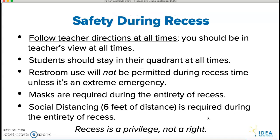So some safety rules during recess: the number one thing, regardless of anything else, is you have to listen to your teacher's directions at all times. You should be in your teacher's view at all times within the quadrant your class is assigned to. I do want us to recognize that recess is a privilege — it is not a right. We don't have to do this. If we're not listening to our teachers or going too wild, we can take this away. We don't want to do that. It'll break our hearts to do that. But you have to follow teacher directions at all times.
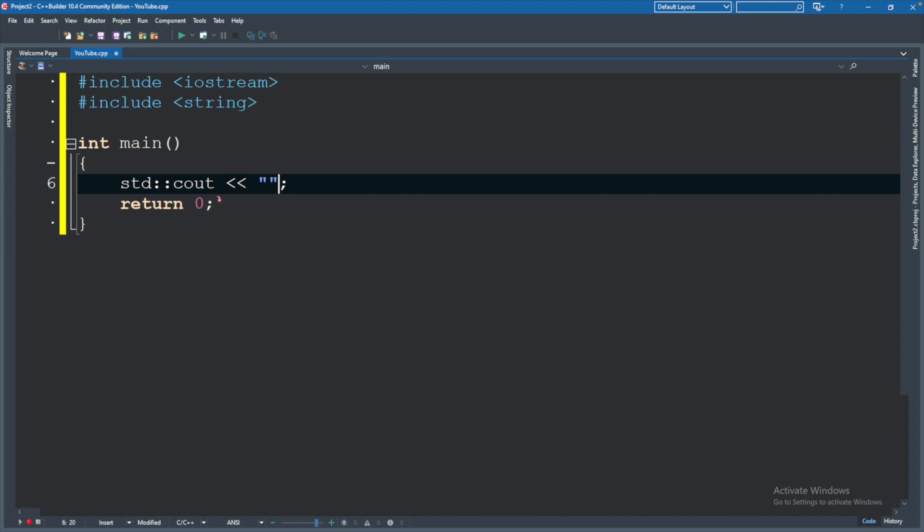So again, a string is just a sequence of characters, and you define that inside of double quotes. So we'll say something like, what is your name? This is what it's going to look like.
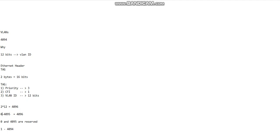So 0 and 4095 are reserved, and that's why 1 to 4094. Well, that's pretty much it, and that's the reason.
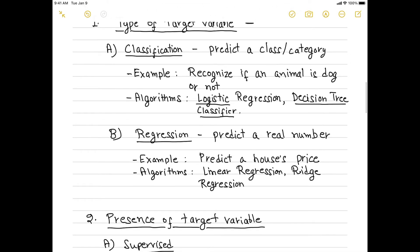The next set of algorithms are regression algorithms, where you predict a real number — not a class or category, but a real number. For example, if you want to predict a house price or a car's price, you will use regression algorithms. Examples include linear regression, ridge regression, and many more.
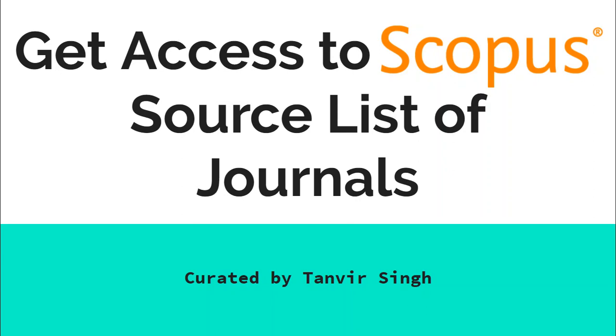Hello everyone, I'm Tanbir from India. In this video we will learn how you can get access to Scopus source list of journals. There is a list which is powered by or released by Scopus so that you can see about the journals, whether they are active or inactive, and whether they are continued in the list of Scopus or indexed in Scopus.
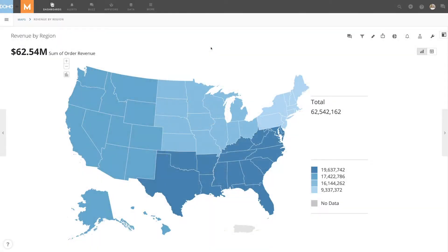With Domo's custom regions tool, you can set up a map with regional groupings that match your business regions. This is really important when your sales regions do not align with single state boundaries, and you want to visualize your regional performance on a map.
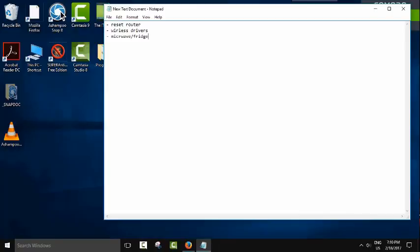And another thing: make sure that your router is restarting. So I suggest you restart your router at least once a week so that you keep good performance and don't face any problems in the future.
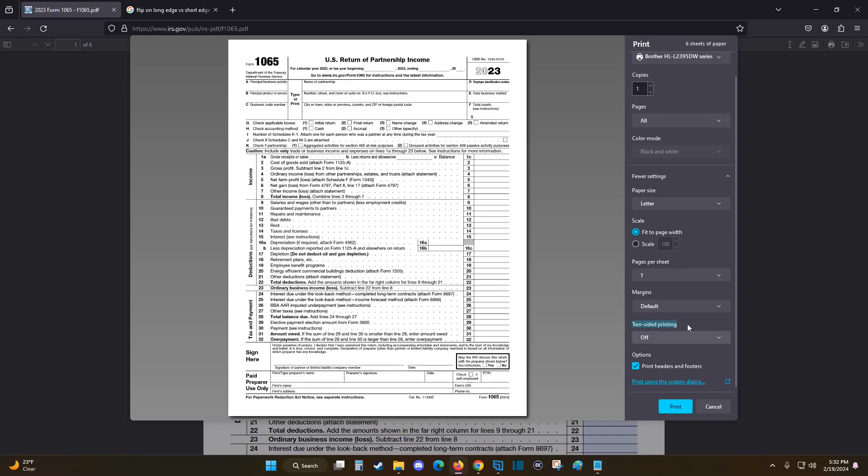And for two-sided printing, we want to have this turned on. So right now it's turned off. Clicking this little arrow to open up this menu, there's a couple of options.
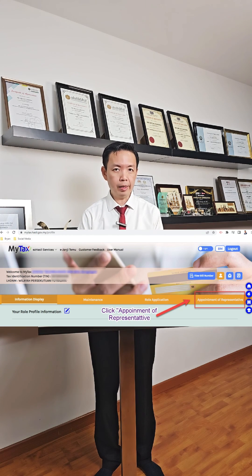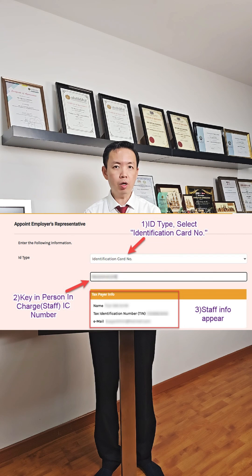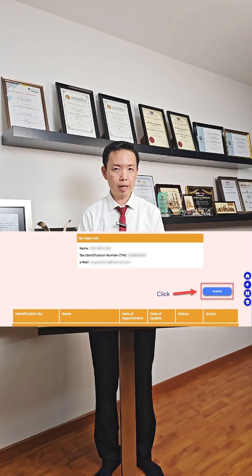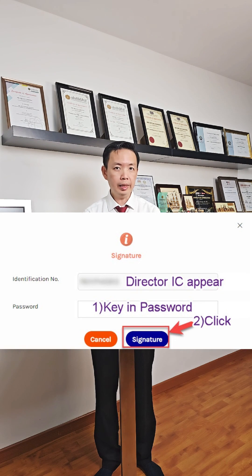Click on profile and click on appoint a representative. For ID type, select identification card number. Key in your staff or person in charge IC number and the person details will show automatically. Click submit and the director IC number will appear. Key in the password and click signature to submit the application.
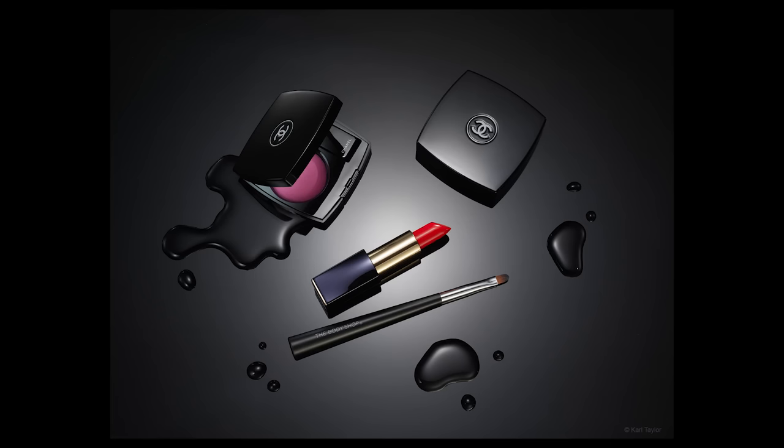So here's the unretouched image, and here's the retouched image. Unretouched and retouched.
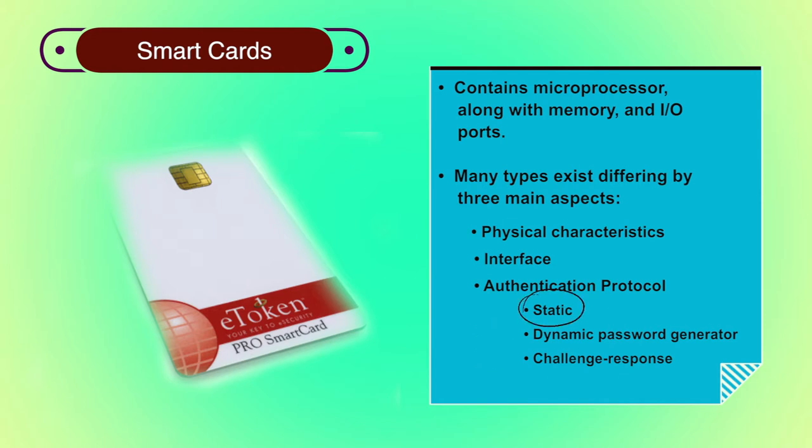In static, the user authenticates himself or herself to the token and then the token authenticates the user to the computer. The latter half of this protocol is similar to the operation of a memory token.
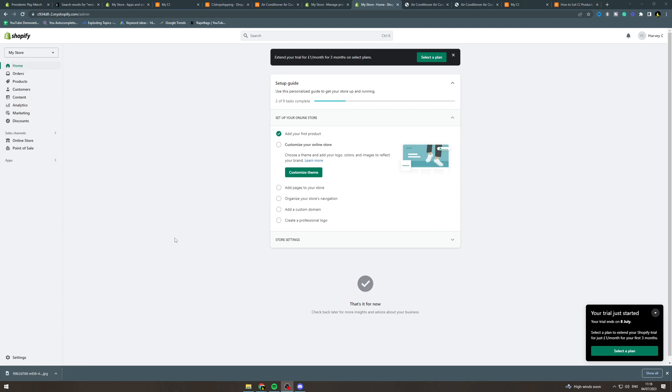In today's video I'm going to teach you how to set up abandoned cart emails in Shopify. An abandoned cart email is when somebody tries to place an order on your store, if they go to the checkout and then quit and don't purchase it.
* * *
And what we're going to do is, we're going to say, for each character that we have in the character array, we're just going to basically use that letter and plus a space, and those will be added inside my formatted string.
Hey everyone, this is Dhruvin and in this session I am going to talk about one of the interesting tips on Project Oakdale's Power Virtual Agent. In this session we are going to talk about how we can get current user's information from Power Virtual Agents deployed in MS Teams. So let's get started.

Activity -
Please repeat the lines of the material above exactly, starting with the line that contains "And for two-sided" and ending with the line that contains "In static, the". Leave the pictures out.

Answer below -
And for two-sided printing, we want to have this turned on. So right now it's turned off. Clicking this little arrow to open up this menu, there's a couple of options.
Click on profile and click on appoint a representative. For ID type, select identification card number. Key in your staff or person in charge IC number and the person details will show automatically. Click submit and the director IC number will appear. Key in the password and click signature to submit the application.
So here's the unretouched image, and here's the retouched image. Unretouched and retouched.
In static, the user authenticates himself or herself to the token and then the token authenticates the user to the computer. The latter half of this protocol is similar to the operation of a memory token.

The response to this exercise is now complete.